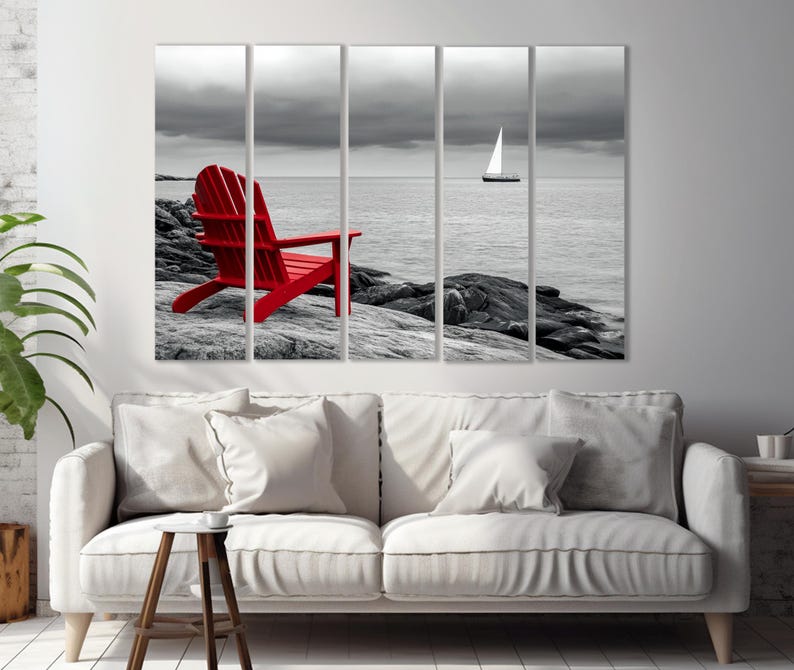 May include: A red Adirondack chair sits on a rocky shore with a sailboat in the distance. The background is a black and white photo, while the chair is in color.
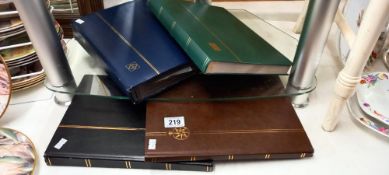 4 stamp albums with world wide stamps etc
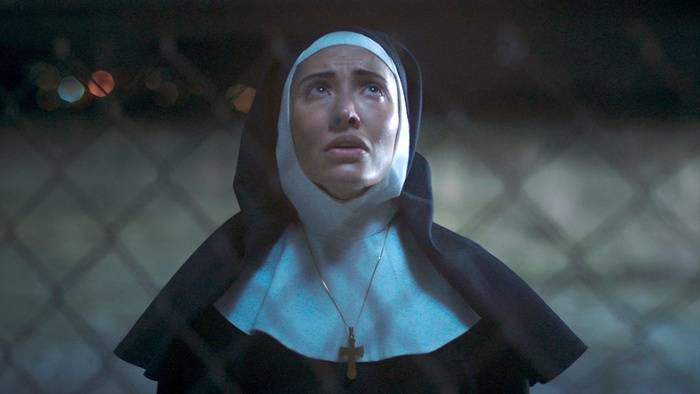 Sister Esperanza (Fernanda Romero) looks upward in The Containment.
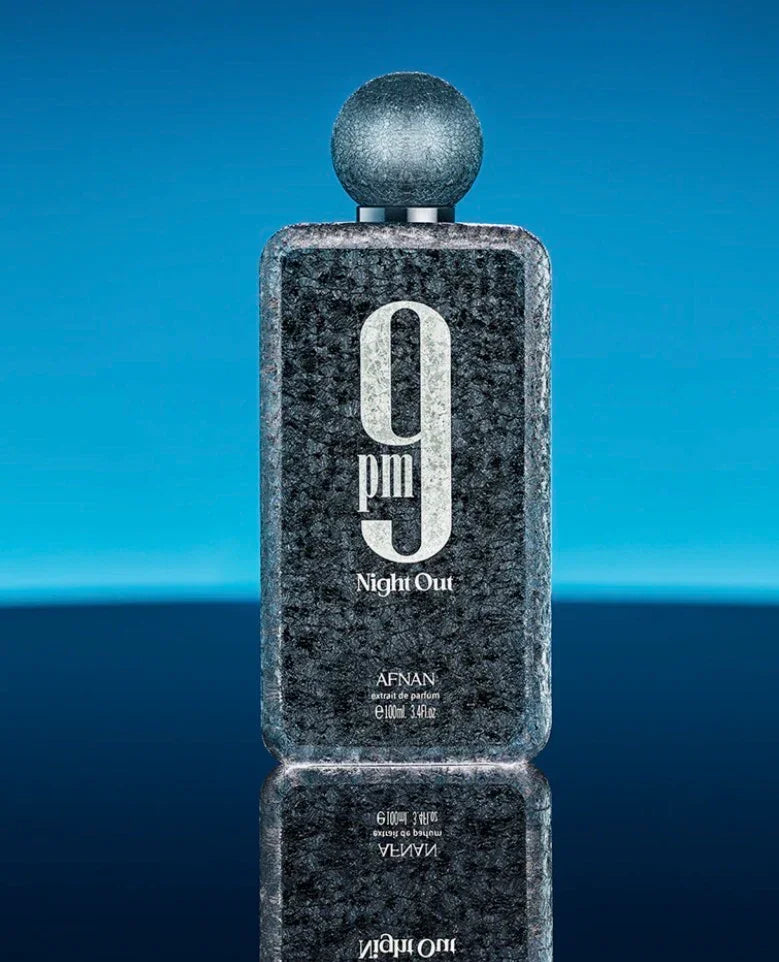 Afnan 9pm Night Out perfume bottle with textured black design on a blue reflective background.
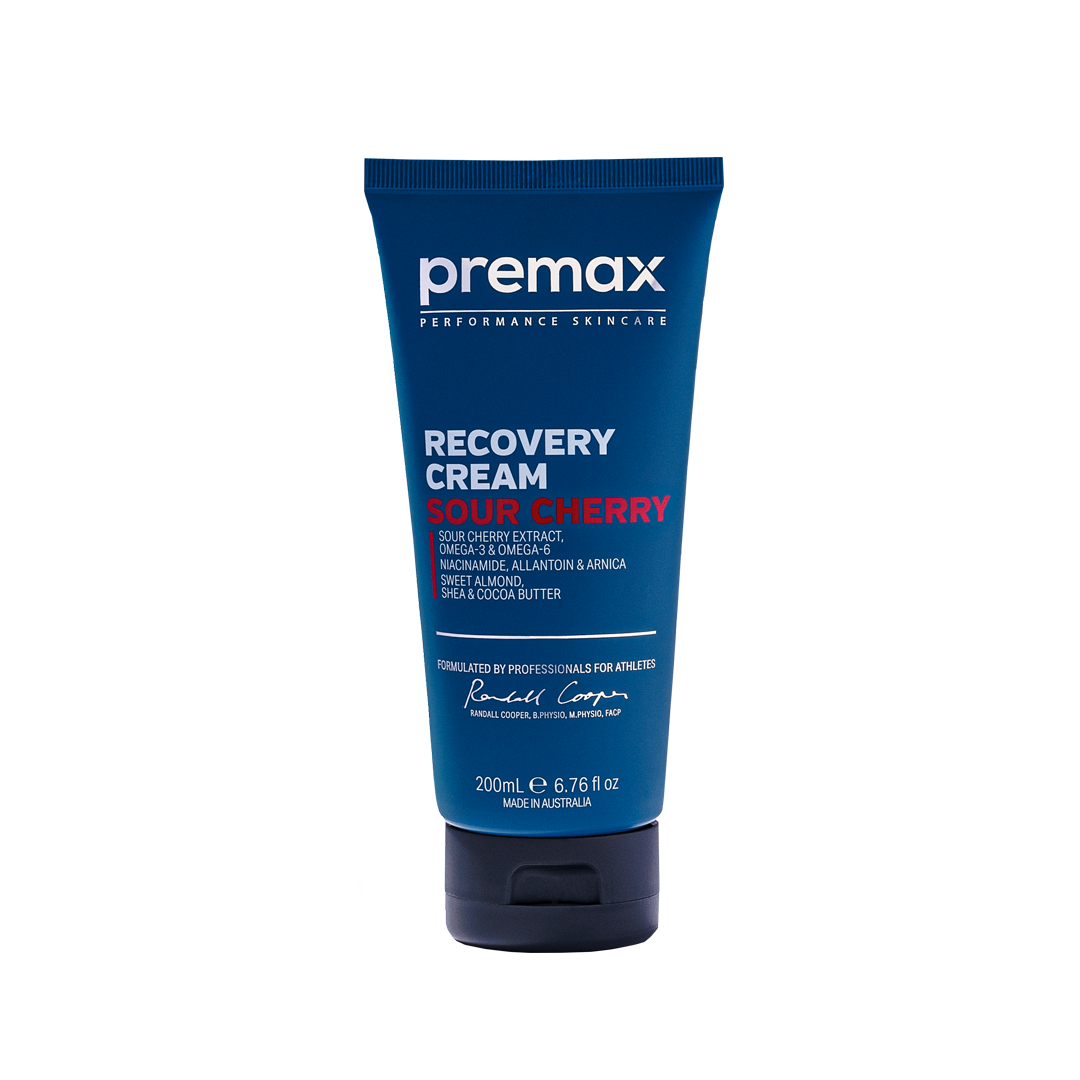 Blue tube of premax Recovery Cream Sour Cherry on a white background
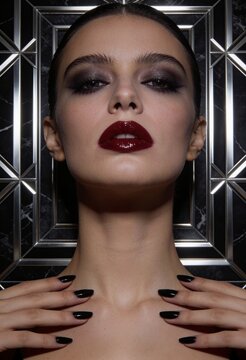 Elegant woman with dark makeup and stylish nails posing in studio  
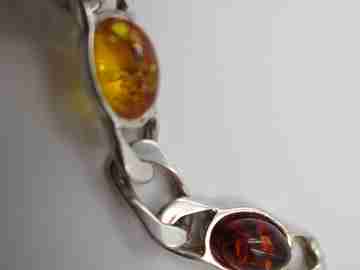 Women's articulated bracelet. Sterling silver & amber color details. 1980's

_____

_What you are asked to do_
Set down nothing but the lines from the one containing "Elegant woman with" to the final line above, both included, with every picture left out.

_Solution to the problem_
 Elegant woman with dark makeup and stylish nails posing in studio  
 Women's articulated bracelet. Sterling silver & amber color details. 1980's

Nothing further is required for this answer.